TORKHAM BORDER CROSSING, Pakistan (Reuters) - Hundreds of trucks lined roads leading to the normally bustling Torkham crossing between Pakistan and Afghanistan on Thursday, after deadly clashes between the countries forced it to close.
With the smell of rotting fruit filling the air, drivers expressed frustration as their cargoes perished in the heat due to an impasse between the countries over their disputed frontier.
Four people were killed in the fighting on Sunday, an escalation of the dispute over Pakistan’s plan to build a barrier at the crossing to stop Islamist militants coming in from Afghanistan.
That plan has angered Afghanistan which rejects the colonial-era Durand Line border drawn up in 1893 and does not want a solid recognition of the boundary.
“We’re just sitting here waiting for some good news,” said Musa Jan, an Afghan truck driver from the northern city of Mazar-i-Sharif, stuck since Sunday night on the Pakistani side of the crossing, on the edge of the Khyber Pass through the towering Spin Ghar mountains.

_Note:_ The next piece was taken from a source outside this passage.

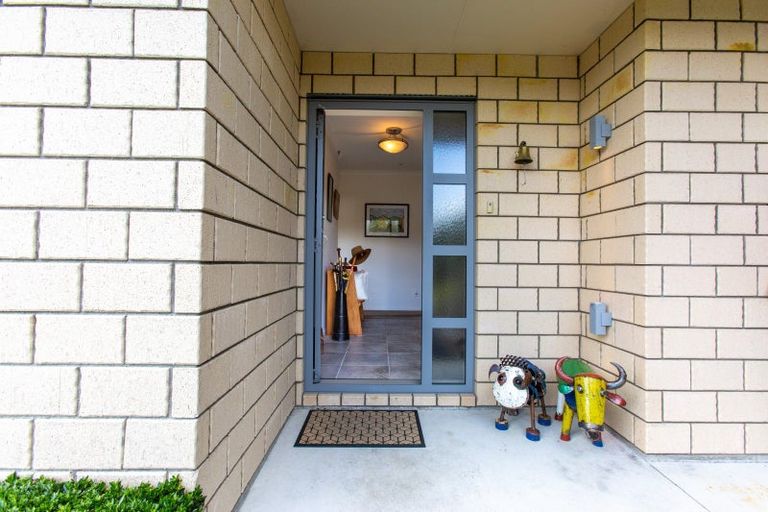 Photo of property in 52a Ruahine Street, Dannevirke, 4930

“We just want this to end so we can go home and get back to making an honest living.”
Hundreds of brightly painted trucks lined both sides of the road, providing shelter from the sun for drivers, many of whom had crawled under their vehicles to wait.
Thousands of vehicles normally pass through the crossing every week, making it a vital trade link between the countries.
The weekend skirmishes have strained an already tense relationship between Afghanistan and Pakistan.
Afghanistan, struggling to contain a stubborn insurgency led by Taliban militants, blames Pakistan for harboring fighters and allied networks on its territory.
Pakistan denies it supports militants, and says it is building the gate at Torkham to stop the movement of militants coming the other way, from Afghanistan.
“In the past there would be small skirmishes, but nothing like this,” said one guard at the crossing, Shafi Ullah, referring to the weekend clashes.
“But we will build this gate at all costs ... There is terrorism, there are blasts – it all comes from that side (Afghanistan).”
Pakistan’s top foreign policy official, Sartaj Aziz, told parliament on Thursday that Afghan forces had started the clashes.
“There has been no aggression or provocation by Pakistan,” Aziz said.
Afghan officials, however, blame Pakistan.
“The past three times, Pakistani forces attacked us, and our forces were in a defensive position and defended themselves and our soil,” said Attaullah Khogyani, spokesman for Afghanistan’s Nangarhar province where Torkham is located.
Afghanistan’s ambassador in Islamabad, Omar Zakhilwal, accused Pakistan of reneging on ceasefire terms that he said included halting construction of the gate.
Zarwaid Khan, a Pakistani border guard, said that construction was continuing and there was no fighting on Thursday, although he said the situation was still “delicate”.
“We are watching and waiting,” he said.